**Aim of the exercise:** Before you return the lines below, strip out any images and keep every word as written.

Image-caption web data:
--------------------------------------------------
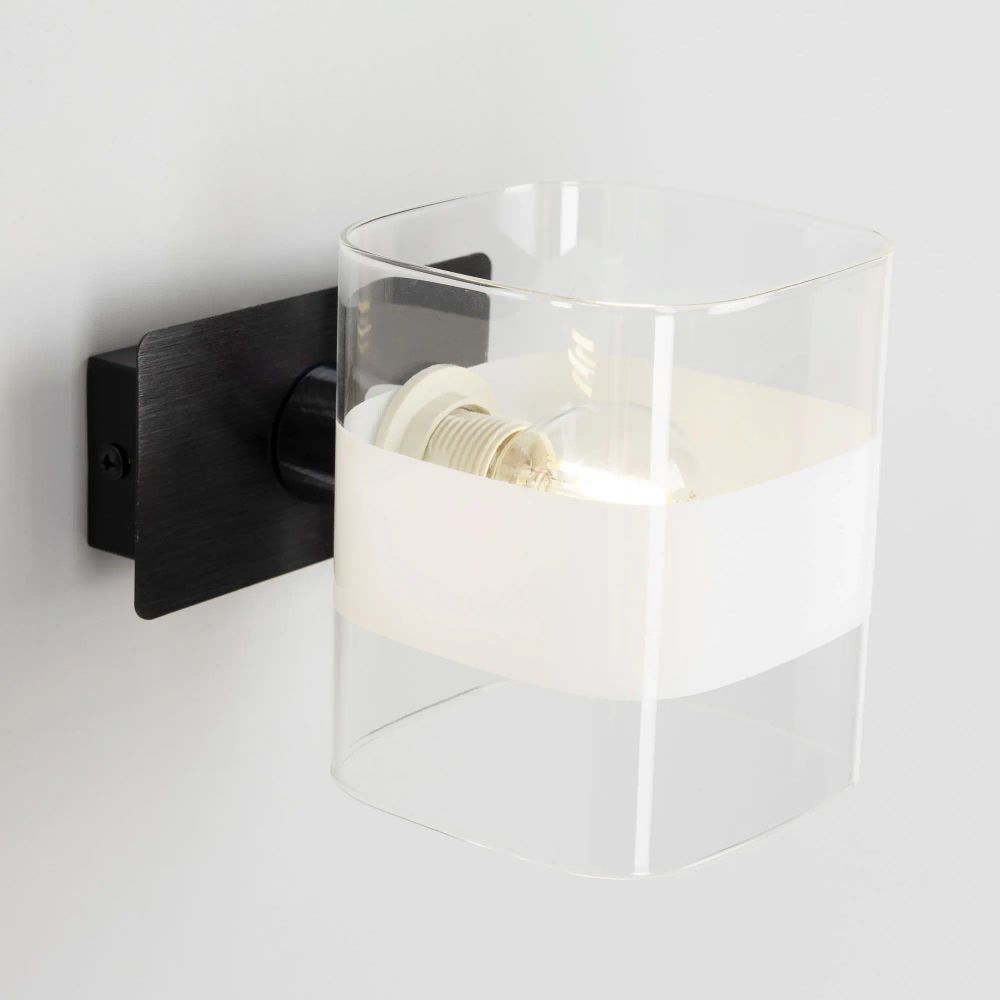 Citilux Вирта CL139312 Бра с выключателем Чёрное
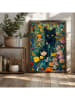ABERTO DESIGN Druk artystyczny w ramce - 50 x 70 cm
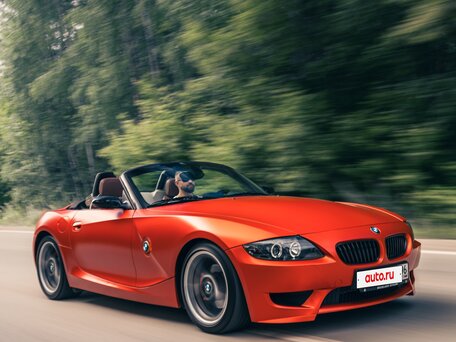2004 BMW Z4 I (E85/E86), жёлтый, 2550000 рублей, вид 1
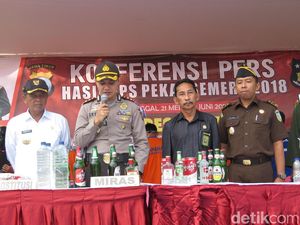 Ramadan, Polres Pacitan Ungkap Miras Ilegal, Pornografi dan Narkoba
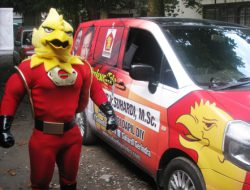 Mas Garuda, Disebut-sebut sebagai Super Hero di Yogyakarta
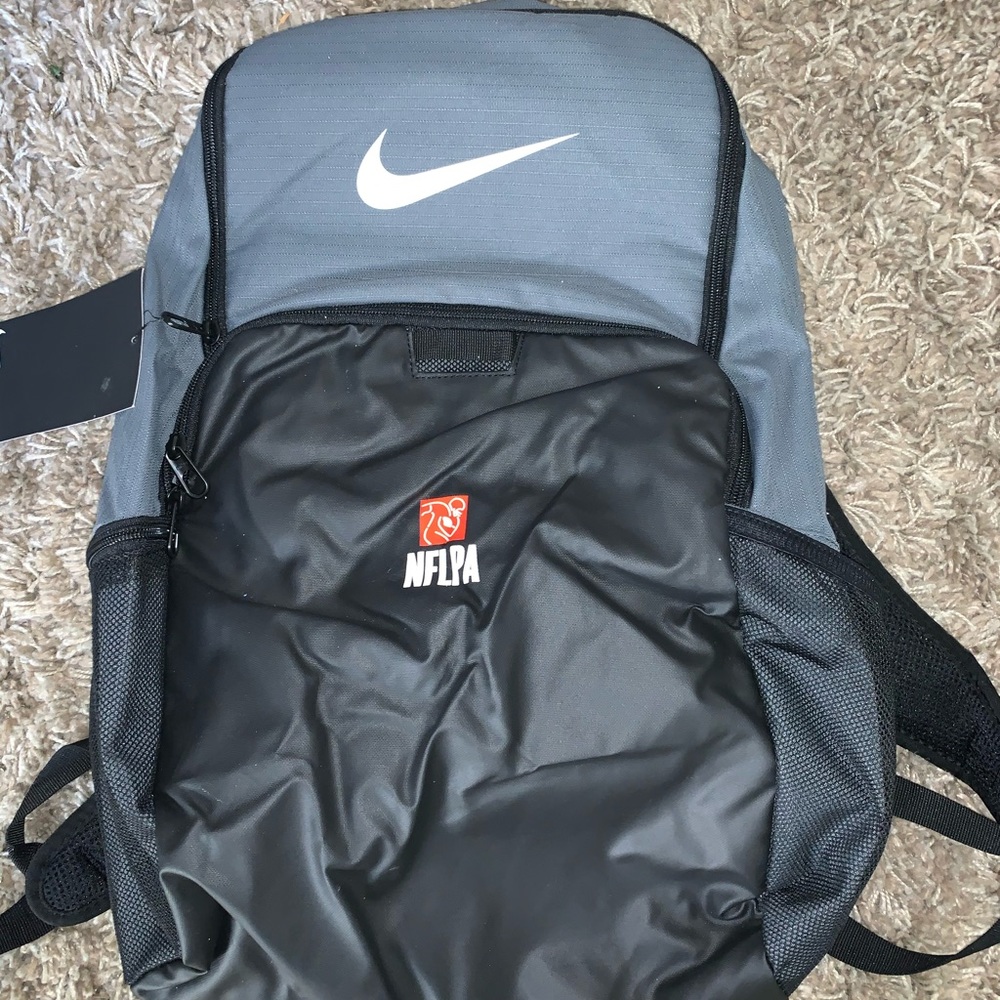 NFLPA BACKPACK ISSUED AT 2020 NFL COMBINE
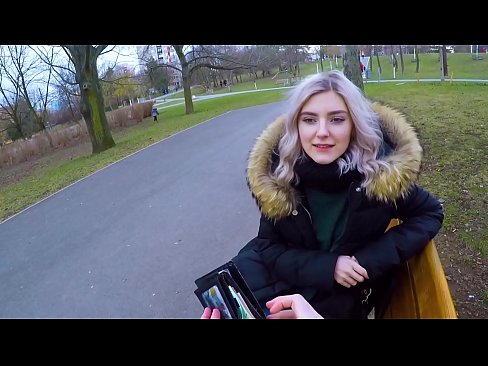 ❤️ Tibla kum sħun ta' barrani għall-flus - blowjob fil-park minn Eva Elfie ️ Vidjo porn f'mt.yinshuabang.top ❌❤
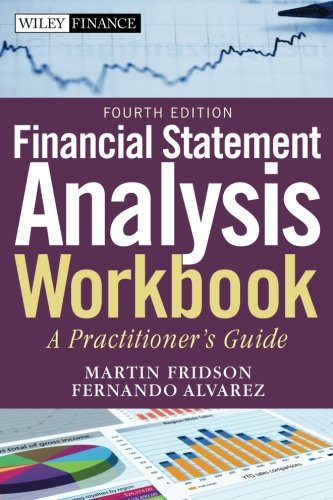 Book Cover Financial Statement Analysis Workbook: A Practitioner's Guide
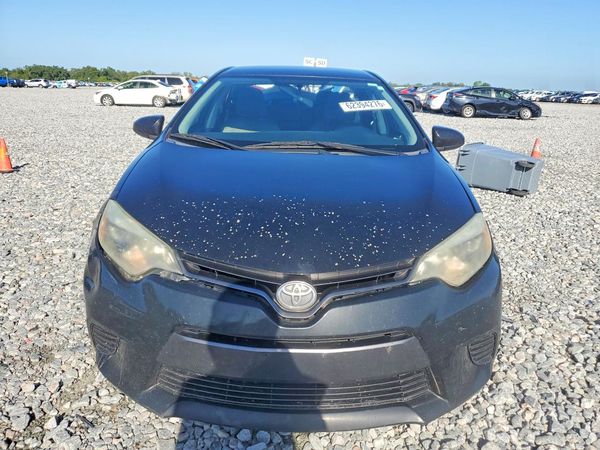 2015 TOYOTA COROLLA L/LE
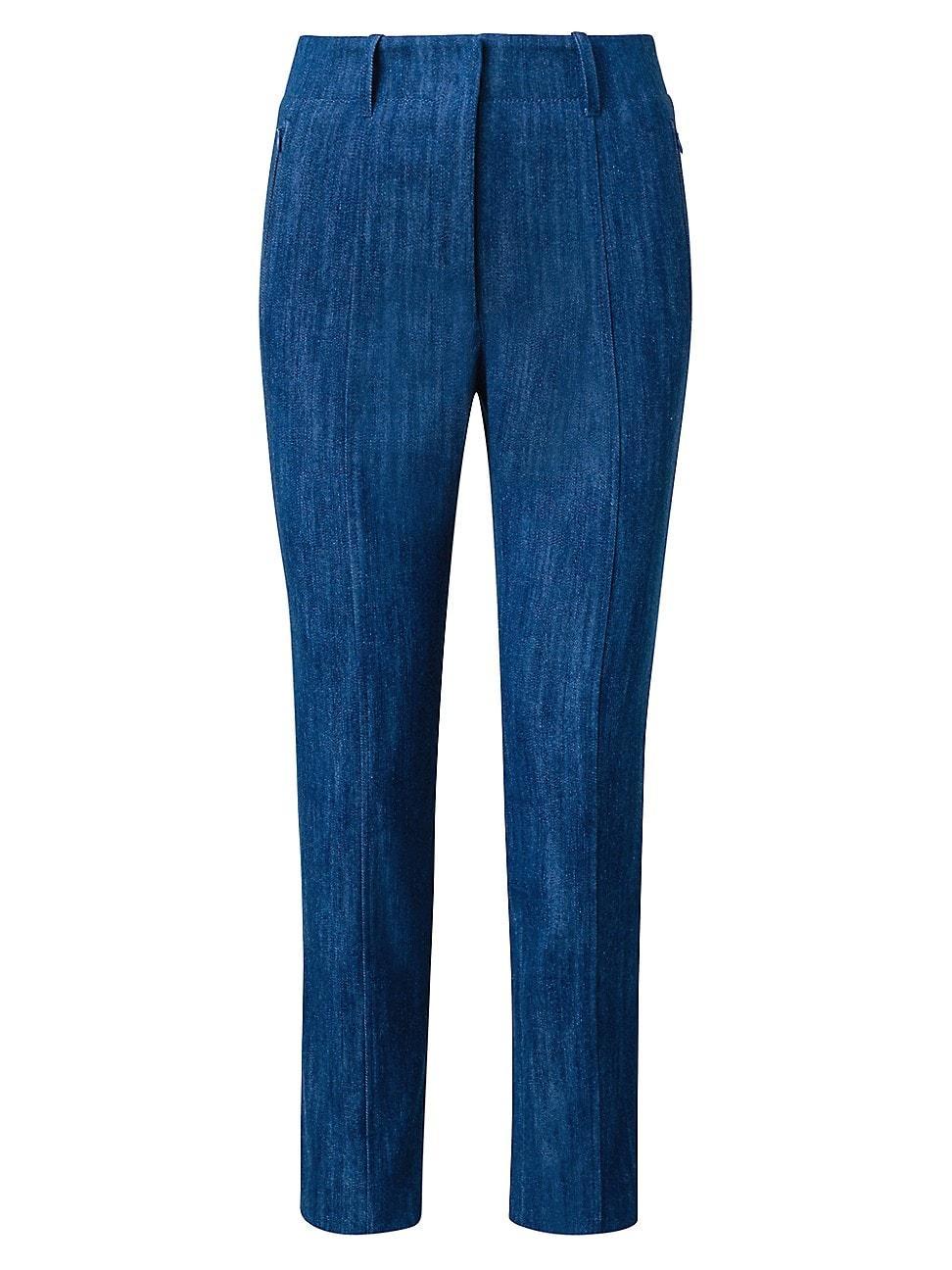 Womens Connor Crop Slim Jeans Product Image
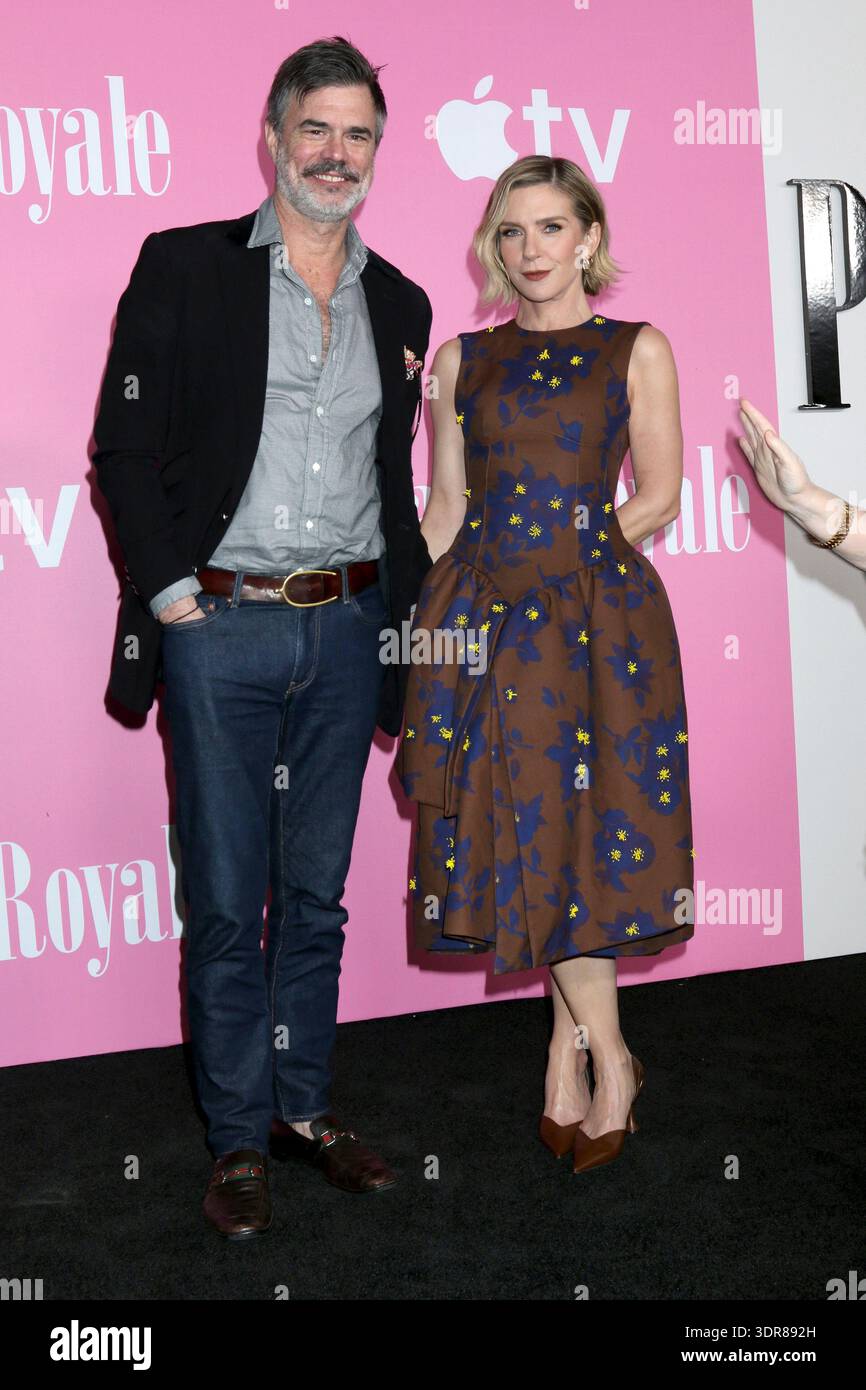 Graham Larson Rhea 'Palm Royale' Season 2 Finale Event at the Saban Media Center on ...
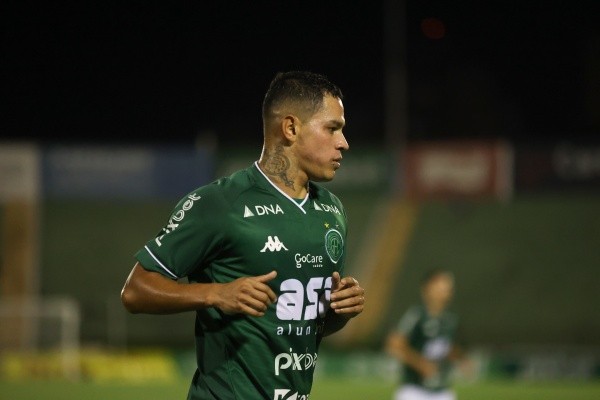 Foto: Rogério Capela/AGIF – Giovanni Augusto tem cinco gols em 14 jogos pelo Bugre na temporada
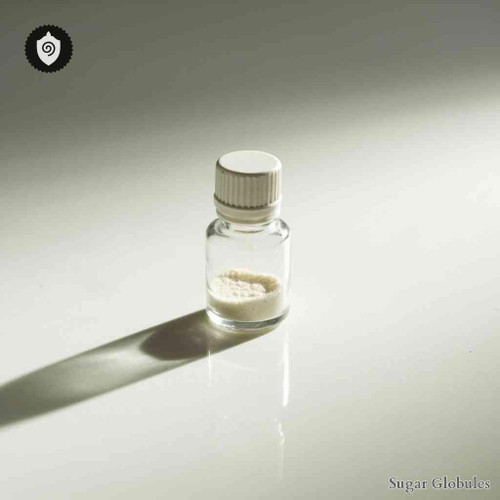 Fluticasonum Propionatum sugar spheres in precise orb format for energetic homeopathic (nonmedical) dry-form presentation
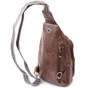 Сумка Vintage З екошкіри Коричнева (22747) - зменшене зображення 2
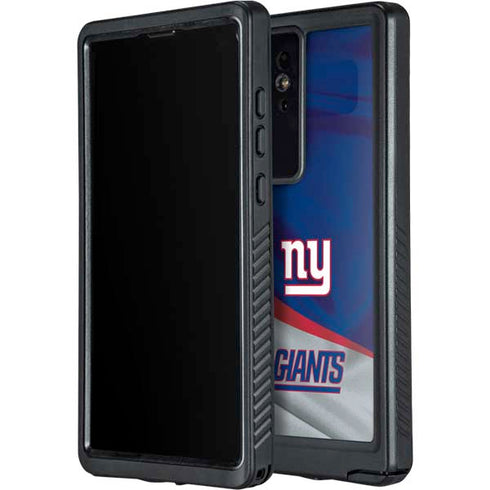 NFL New York Giants Galaxy S24 Ultra Waterproof Case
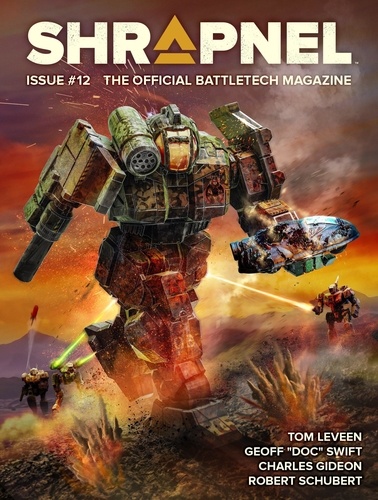  Philip A. Lee, Editor - BattleTech: Shrapnel, Issue #12 (The Official BattleTech Magazine) - BattleTech Magazine, #12.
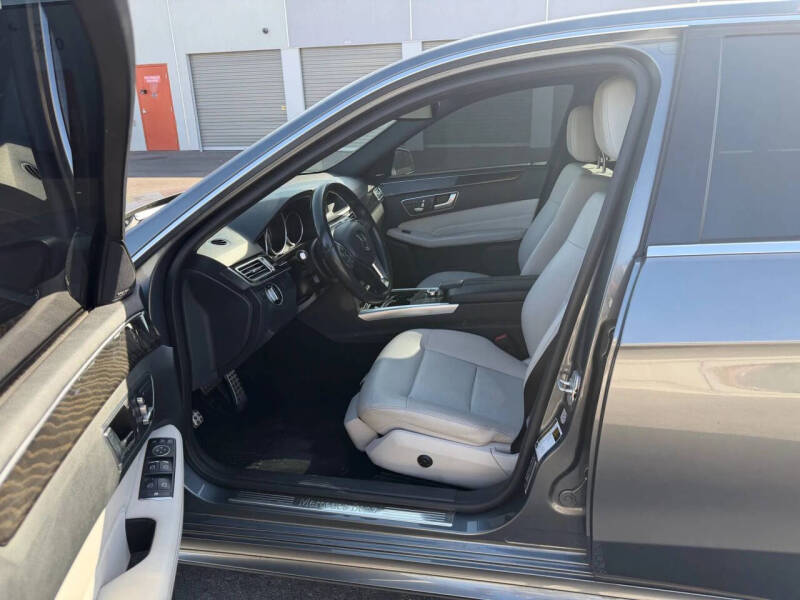 2016 Mercedes-Benz E-Class E 350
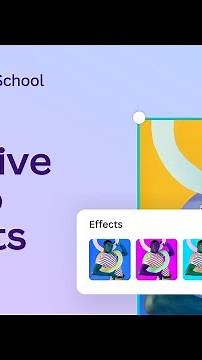 How to get Creative with Photo Effects | Photo Editing on the Canva App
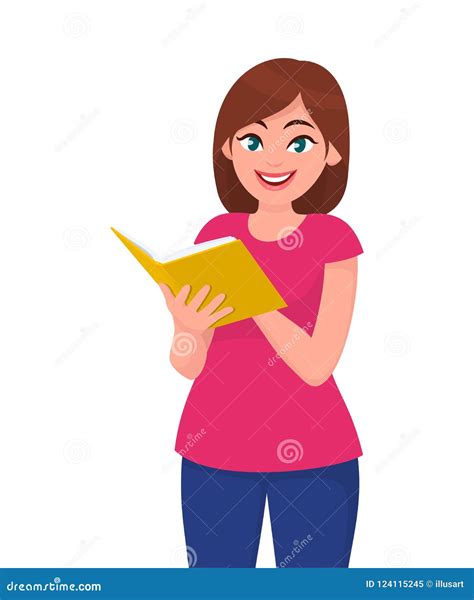 Holdingshowingreading Clipart And Illustrations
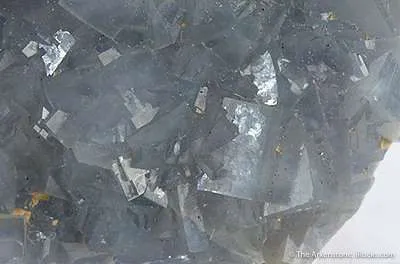 Gem Chalcedony Pseudomorph After Fluorite - image 3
--------------------------------------------------
**Task result:**
 Citilux Вирта CL139312 Бра с выключателем Чёрное
ABERTO DESIGN Druk artystyczny w ramce - 50 x 70 cm
2004 BMW Z4 I (E85/E86), жёлтый, 2550000 рублей, вид 1
 Ramadan, Polres Pacitan Ungkap Miras Ilegal, Pornografi dan Narkoba
 Mas Garuda, Disebut-sebut sebagai Super Hero di Yogyakarta
 NFLPA BACKPACK ISSUED AT 2020 NFL COMBINE
 ❤️ Tibla kum sħun ta' barrani għall-flus - blowjob fil-park minn Eva Elfie ️ Vidjo porn f'mt.yinshuabang.top ❌❤
 Book Cover Financial Statement Analysis Workbook: A Practitioner's Guide
 2015 TOYOTA COROLLA L/LE
 Womens Connor Crop Slim Jeans Product Image
 Graham Larson Rhea 'Palm Royale' Season 2 Finale Event at the Saban Media Center on ...
 Foto: Rogério Capela/AGIF – Giovanni Augusto tem cinco gols em 14 jogos pelo Bugre na temporada
 Fluticasonum Propionatum sugar spheres in precise orb format for energetic homeopathic (nonmedical) dry-form presentation
 Сумка Vintage З екошкіри Коричнева (22747) - зменшене зображення 2
 NFL New York Giants Galaxy S24 Ultra Waterproof Case
  Philip A. Lee, Editor - BattleTech: Shrapnel, Issue #12 (The Official BattleTech Magazine) - BattleTech Magazine, #12.
 2016 Mercedes-Benz E-Class E 350
 How to get Creative with Photo Effects | Photo Editing on the Canva App
 Holdingshowingreading Clipart And Illustrations
 Gem Chalcedony Pseudomorph After Fluorite - image 3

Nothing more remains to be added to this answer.